Marysville's Keith Taylor turns a love for karaoke into an opportunity to sing at Safeco Field

Marysville Firefighter Keith Davis belts out the National Anthem at Safeco Field before the Mariners took on the Kansas City Royals, Aug. 7. - Courtesy Photo
Marysville Firefighter Keith Davis belts out the National Anthem at Safeco Field before the Mariners took on the Kansas City Royals, Aug. 7.
— image credit: Courtesy Photo

MARYSVILLE — How do you get to Carnegie Hall? Practice.

How do you get to sing the National Anthem in front of 40,000 Mariners fans at Safeco Field? Karaoke.

That was the obscure route Marysville Firefighter Keith Taylor took to representing his country and his profession at Seattle Mariners games for the past three years.

“I started out going to karaoke with some friends and then I met some people and messed around with some bands,” Taylor, 39, said.

Taylor, who is celebrating his 20th year as a firefighter, has had no formal training in singing, but his voice impressed the Major League Baseball club enough to make him an honorary singer at the annual Firefighter Appreciation Night, where he performs both the anthem and “God Bless America” during the seventh inning. His most recent performance was Aug. 7 against the Kansas City Royals.

“It’s a phenomenal experience, I don’t even know how to explain it,” Taylor said about singing at Safeco Field. “I’m pretty patriotic so just those songs have a lot of meaning to me.”

A Marysville-Pilchuck graduate in 1989, Taylor joined the Air Force with a guarantee that he would have a firefighting job after leaving the service.
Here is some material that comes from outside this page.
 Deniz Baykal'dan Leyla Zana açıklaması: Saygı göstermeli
He eventually moved back to Marysville and heard that the Mariners were looking for a policeman or fireman to sing the National Anthem in uniform for the five year observance of 9/11.

“They said they were accepting demo tapes and a bunch of my buddies at the department said I should go for it. So I did,” he said. “After the first time, I got to know some of the people in the Mariners’ PR and now we have a pretty good relationship.”

The first time Taylor performed, he admitted to being nervous.

“Oh yeah,” he said. “They had me come in early for a sound test a few hours before the game. And then there I was in front of the full stadium.”

Of course, other than meeting professional baseball players, there are other perks to singing the anthem. Taylor said he gets 12 tickets per game he sings at, and gets to take three people down on the field with him.

“I’ve gotten to take just about everyone down there,” he said. “The last time it was my wife and two of my boys.”

Although he still sings, Taylor admits that his karaoke days are behind him now.

“I’ve got a family with four boys and other responsibilities,” he said.